Does the problem occur on other local systems? Make sure you check other systems on the same subnet. If the problem only occurs on the user's host, concentrate testing on that system. If the problem affects every system on a subnet, concentrate on the router for that subnet.
Once you know the symptoms of the problem, visualise each protocol and device that handles the data. Visualising the problem will help you avoid oversimplification, and keep you from assuming that you know the cause even before you start testing.
Approach problems methodically, don't jump into another test scenario based on a hunch, without ensuring that you can pick up your original test scenario where you left off.
Keep a historical record of the problems in case it reappears.
Don't assume a problem seen at the application level is not caused by a problem at a lower level.
Test each possibility and base your actions on the evidence of the tests.
Pay attention to error messages.
Duplicate the reported problem yourself.
Most problems are caused by human errors.
Keep your users informed, users want solutions to their problems, they're not interested in speculative techno-babble.
Don't speculate about the cause of the problem while talking to the users.
Stick to a few simple troubleshooting tools.
Don't neglect the obvious, a loose Ethernet cable is a very common network problem. Check plugs, connectors, cables, and switches.
Small things can cause big problems.
Most network problems can be solved using the free diagnostic software. Large networks probably need a network analyser, or at least a hardware tester such as a Time Domain Reflectometer (TDR).
ifcongif : Provides information about the basic configuration of the
interface. It is useful for detecting bad IP addresses,
incorrect subnet masks, and improper broadcast addresses.
arp : Provides information about Ethernet/IP address translation.
It can be used to detect systems on the local network that
are configured with the wrong IP address.
netstat : Provides a variety of information. It is commonly used to
display detailed statistics about each network interface,
network sockets, and the network routing table.
ping : Indicates whether a remote host can be reached.
nslookup : Provides information about the DNS name service.
dig : Provides information about name service.
ripquery : Provides information about the contents of the RIP update
packet being sent or received by your system.
traceroute: Tells you which route packets take going from your system
to a remote system. Information about each hop is printed.

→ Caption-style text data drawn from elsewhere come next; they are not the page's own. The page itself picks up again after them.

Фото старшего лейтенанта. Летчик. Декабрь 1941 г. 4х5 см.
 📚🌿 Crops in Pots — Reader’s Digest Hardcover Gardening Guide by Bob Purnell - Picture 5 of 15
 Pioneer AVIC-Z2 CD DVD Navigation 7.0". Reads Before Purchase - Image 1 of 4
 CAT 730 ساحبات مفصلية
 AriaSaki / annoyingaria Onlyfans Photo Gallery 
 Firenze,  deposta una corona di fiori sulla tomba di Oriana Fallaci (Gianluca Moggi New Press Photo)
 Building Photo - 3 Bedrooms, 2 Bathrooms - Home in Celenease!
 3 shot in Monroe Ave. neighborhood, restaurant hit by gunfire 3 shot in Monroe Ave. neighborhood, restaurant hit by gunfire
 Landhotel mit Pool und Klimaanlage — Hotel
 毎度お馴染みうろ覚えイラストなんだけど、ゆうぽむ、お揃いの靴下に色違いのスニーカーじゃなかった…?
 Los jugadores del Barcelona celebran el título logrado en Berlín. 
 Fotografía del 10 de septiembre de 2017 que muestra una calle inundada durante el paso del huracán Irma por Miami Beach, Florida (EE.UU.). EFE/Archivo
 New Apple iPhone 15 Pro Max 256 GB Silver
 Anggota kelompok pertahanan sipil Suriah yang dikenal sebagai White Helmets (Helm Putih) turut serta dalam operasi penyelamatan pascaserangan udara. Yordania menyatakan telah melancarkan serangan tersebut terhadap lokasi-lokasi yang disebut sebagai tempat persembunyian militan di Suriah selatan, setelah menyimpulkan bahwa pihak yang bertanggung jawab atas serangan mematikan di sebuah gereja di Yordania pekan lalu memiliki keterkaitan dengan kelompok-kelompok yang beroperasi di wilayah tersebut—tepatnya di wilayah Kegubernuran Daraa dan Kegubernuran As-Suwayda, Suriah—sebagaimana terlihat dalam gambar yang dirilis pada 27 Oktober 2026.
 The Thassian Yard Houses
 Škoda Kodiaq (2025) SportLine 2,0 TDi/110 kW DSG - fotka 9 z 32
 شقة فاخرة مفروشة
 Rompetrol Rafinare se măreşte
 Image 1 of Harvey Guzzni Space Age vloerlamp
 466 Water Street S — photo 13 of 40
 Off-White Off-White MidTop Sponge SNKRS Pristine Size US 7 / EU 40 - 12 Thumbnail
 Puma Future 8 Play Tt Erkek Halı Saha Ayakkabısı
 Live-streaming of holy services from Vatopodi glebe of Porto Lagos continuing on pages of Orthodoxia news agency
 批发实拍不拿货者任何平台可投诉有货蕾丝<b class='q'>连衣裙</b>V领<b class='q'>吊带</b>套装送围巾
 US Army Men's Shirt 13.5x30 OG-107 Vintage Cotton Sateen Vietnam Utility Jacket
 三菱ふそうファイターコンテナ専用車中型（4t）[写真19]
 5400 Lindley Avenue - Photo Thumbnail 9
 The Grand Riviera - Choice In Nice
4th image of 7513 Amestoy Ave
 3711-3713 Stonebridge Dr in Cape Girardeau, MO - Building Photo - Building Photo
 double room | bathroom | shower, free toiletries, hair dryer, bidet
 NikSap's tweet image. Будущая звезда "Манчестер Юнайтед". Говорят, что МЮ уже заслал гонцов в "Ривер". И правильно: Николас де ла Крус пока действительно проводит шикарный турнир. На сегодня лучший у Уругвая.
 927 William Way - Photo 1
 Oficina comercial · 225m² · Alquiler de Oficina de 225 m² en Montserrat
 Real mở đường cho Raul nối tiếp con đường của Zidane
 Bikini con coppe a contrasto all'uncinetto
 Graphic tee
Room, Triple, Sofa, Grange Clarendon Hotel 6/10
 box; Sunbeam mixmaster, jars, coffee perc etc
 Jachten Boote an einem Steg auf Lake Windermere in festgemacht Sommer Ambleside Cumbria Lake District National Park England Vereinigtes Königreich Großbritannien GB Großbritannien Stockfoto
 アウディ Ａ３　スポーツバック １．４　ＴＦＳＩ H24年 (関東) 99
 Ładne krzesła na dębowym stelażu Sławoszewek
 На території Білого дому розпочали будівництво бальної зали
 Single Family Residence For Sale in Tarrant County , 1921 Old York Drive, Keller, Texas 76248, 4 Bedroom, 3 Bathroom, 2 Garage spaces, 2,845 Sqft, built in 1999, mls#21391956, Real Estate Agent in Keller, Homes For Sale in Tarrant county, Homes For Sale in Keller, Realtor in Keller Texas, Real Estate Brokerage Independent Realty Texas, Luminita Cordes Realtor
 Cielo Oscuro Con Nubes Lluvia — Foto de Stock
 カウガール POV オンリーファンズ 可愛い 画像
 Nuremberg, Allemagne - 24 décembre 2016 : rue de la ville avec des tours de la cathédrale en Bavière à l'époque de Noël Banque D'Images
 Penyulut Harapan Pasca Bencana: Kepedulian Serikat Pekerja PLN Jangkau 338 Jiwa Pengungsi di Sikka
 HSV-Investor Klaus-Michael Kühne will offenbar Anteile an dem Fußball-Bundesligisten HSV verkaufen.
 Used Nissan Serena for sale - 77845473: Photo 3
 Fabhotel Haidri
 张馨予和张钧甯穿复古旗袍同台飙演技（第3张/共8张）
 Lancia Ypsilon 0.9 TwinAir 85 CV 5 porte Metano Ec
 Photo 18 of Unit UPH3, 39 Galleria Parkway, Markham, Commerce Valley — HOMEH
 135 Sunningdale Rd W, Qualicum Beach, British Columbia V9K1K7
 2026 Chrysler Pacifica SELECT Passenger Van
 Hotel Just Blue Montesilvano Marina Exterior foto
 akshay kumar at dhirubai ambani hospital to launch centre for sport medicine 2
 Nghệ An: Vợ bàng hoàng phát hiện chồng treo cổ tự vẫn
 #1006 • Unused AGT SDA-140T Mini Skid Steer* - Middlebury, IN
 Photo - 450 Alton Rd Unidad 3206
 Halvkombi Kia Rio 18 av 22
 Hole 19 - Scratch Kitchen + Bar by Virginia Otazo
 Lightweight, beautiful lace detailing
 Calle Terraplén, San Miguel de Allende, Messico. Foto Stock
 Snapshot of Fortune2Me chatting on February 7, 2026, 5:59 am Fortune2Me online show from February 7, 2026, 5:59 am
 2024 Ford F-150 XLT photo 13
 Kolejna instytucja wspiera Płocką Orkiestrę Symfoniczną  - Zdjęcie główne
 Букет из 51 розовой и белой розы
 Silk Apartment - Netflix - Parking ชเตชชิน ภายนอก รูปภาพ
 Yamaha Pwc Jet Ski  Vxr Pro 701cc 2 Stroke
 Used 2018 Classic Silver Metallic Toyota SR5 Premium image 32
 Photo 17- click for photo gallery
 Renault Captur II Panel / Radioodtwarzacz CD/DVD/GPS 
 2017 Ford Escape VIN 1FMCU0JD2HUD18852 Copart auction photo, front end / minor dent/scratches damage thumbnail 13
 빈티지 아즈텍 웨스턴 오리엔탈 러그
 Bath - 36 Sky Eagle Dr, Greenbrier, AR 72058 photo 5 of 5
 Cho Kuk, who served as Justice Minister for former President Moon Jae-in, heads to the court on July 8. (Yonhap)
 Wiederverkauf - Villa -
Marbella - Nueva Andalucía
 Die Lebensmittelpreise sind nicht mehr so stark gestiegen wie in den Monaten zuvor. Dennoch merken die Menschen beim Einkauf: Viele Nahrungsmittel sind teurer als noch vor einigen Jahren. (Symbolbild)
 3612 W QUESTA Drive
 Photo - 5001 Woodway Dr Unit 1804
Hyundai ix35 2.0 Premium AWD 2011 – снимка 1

etherfind : Analyses the individual packets exchanged between hosts on
the network. It is most useful for analysing protocol
Testing Basic Connectivity:
The ping command tests whether a remote host can be reached from your computer. This simple function is extremely useful for testing the network connection, independent of the application in which the original problem was detected. Ping allow you to determine whether further testing should be directed toward the network connection (the lower layers) or the application (the upper layers). If ping shows that packets can travel to the remote system and back, the user's problem is probably in the upper layers. If packets can't make the round-trip, lower protocol layers are probably at fault.